Tars said he had discussed dependence on US IT infrastructure with his counterparts in other European countries over the last year, and was developing a European alternative that could be ready for testing in the second half of 2025. As well as regulatory action, reasons include cost and risks based on data being held outside the country.

According to RIT, around €400 of the €2,000 cost of each government agency workstation goes to Microsoft in licence fees. Tars said an open source alternative to Microsoft Office and Windows, such as LibreOffice or OpenOffice running on Linux, would be unlikely to save much money given the need for support, user management, and staff education.

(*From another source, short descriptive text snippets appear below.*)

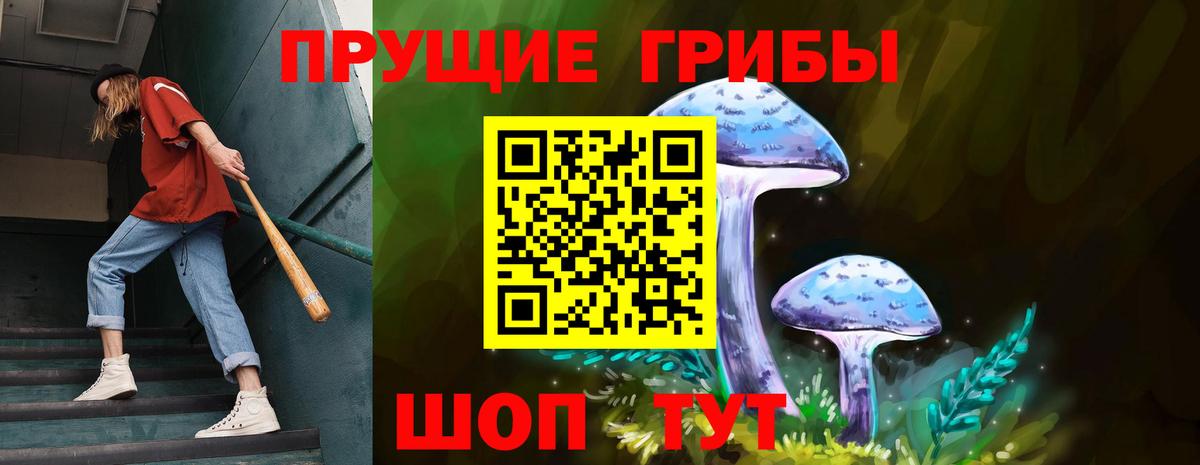 Псилоцибиновые грибы мухоморы  цена   Сланцы  Вход с VPN 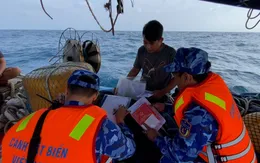 Kết nối VNeID với hệ thống quản lý tàu cá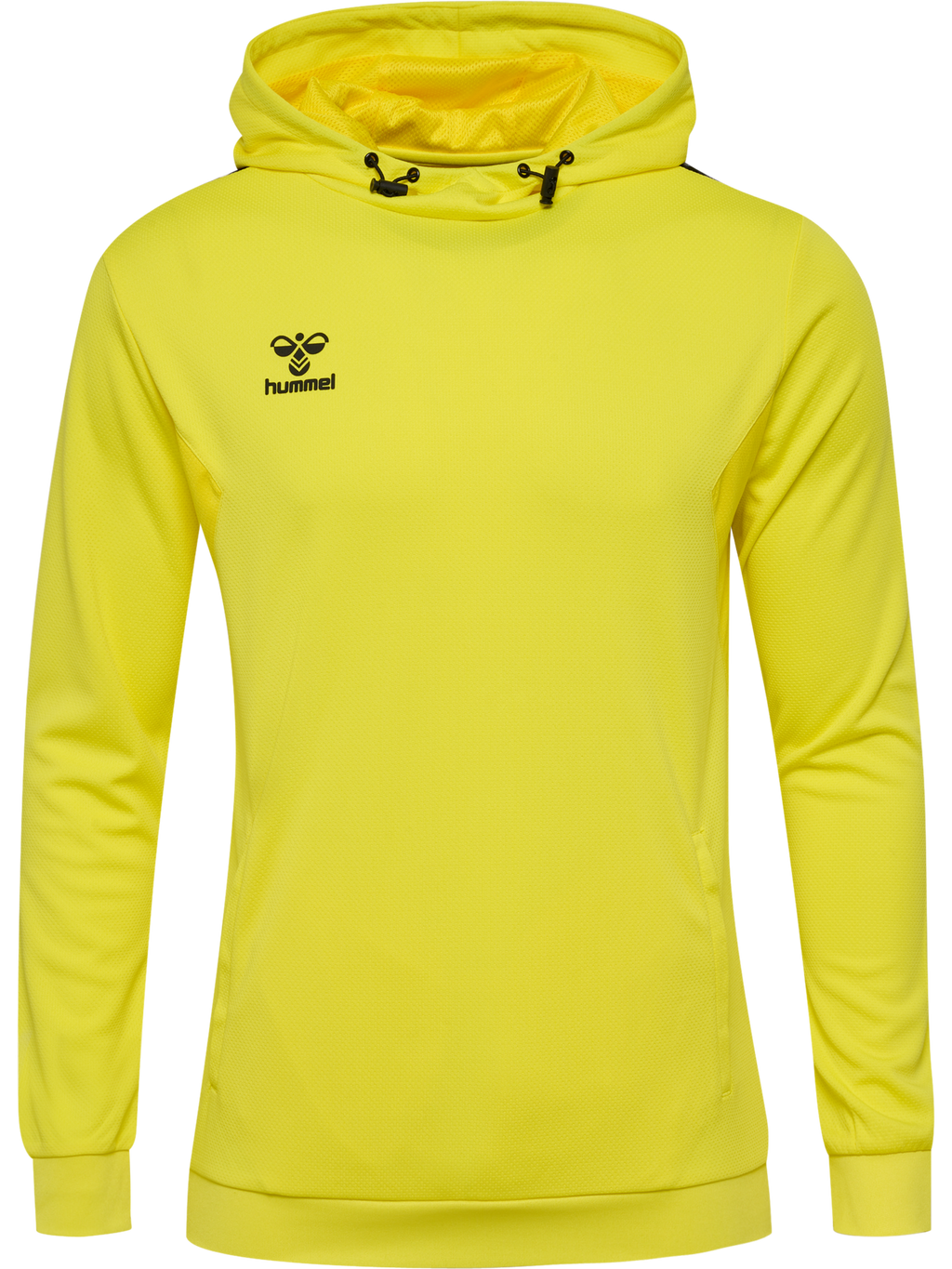hmlAUTHENTIC PL HOODIE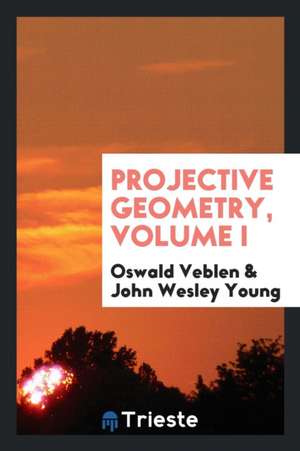 Projective Geometry de Oswald Veblen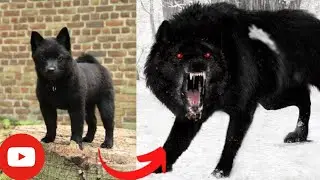 Funniest dog & cat fails videos #funny #funnyanimals #cat #dog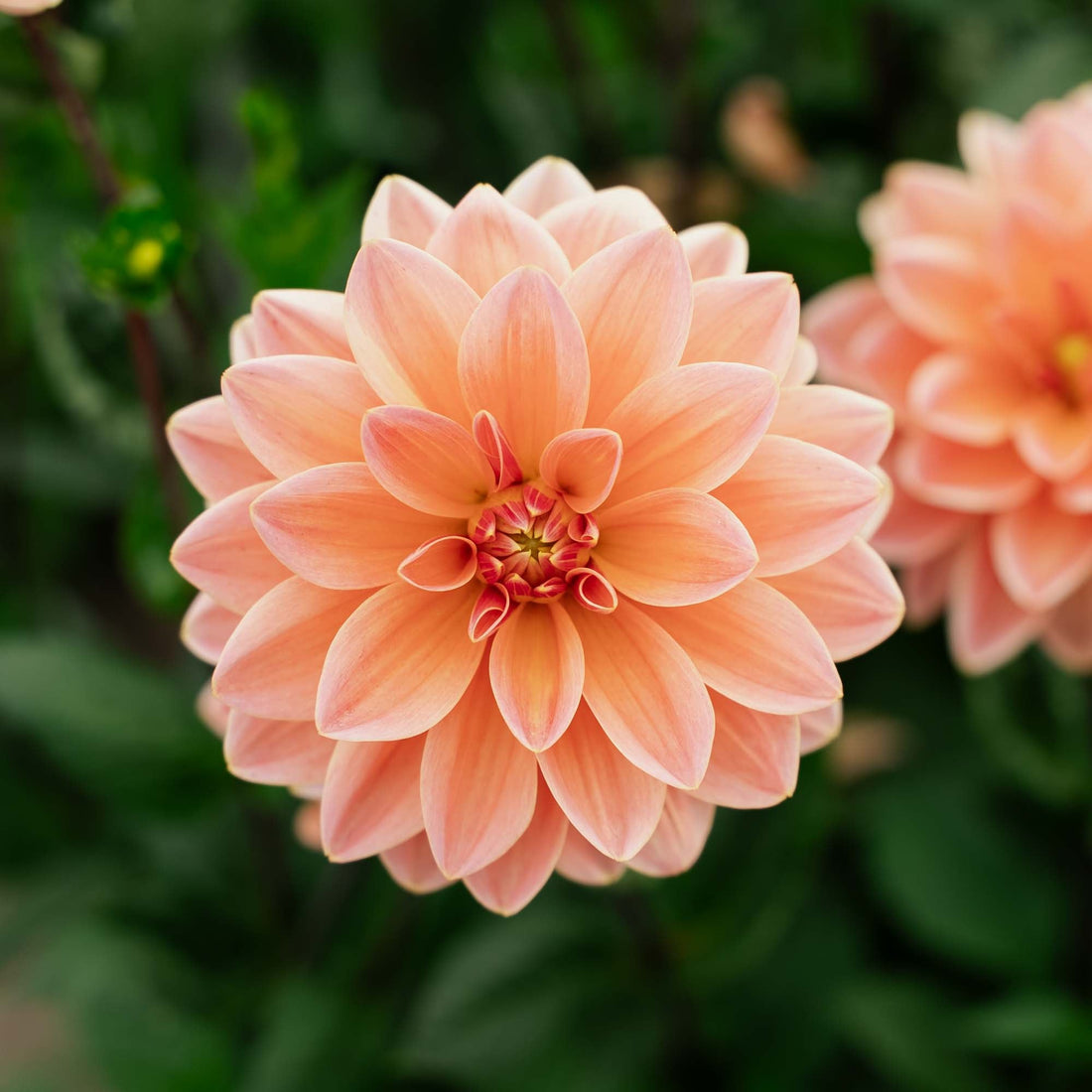 Dahlia 'Mister Frans'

RIT has so far moved about 8,500 of 25,000 government workstations to its cloud computing service and plans to increase this to 15,000 over the next two years. The higher-security defense, interior (home), and foreign ministries will continue to use alternatives.

Estonia takes its digital resilience seriously, although this has previously been due to fears of Russia rather than worries about America.

In 2007 the country was hit by waves of cyberattacks which took down government websites, media services, and cashpoints after it moved a Soviet-era statue out of central Tallinn. The steps it has taken since to toughen security include establishing a ‘data embassy’ – a secure data centre – in Luxembourg as a back-up for key digital services and datasets.

Countries across Europe look likely to spend more on technology to develop digital sovereignty and reduce dependence on US providers, according to analyst firm Forrester.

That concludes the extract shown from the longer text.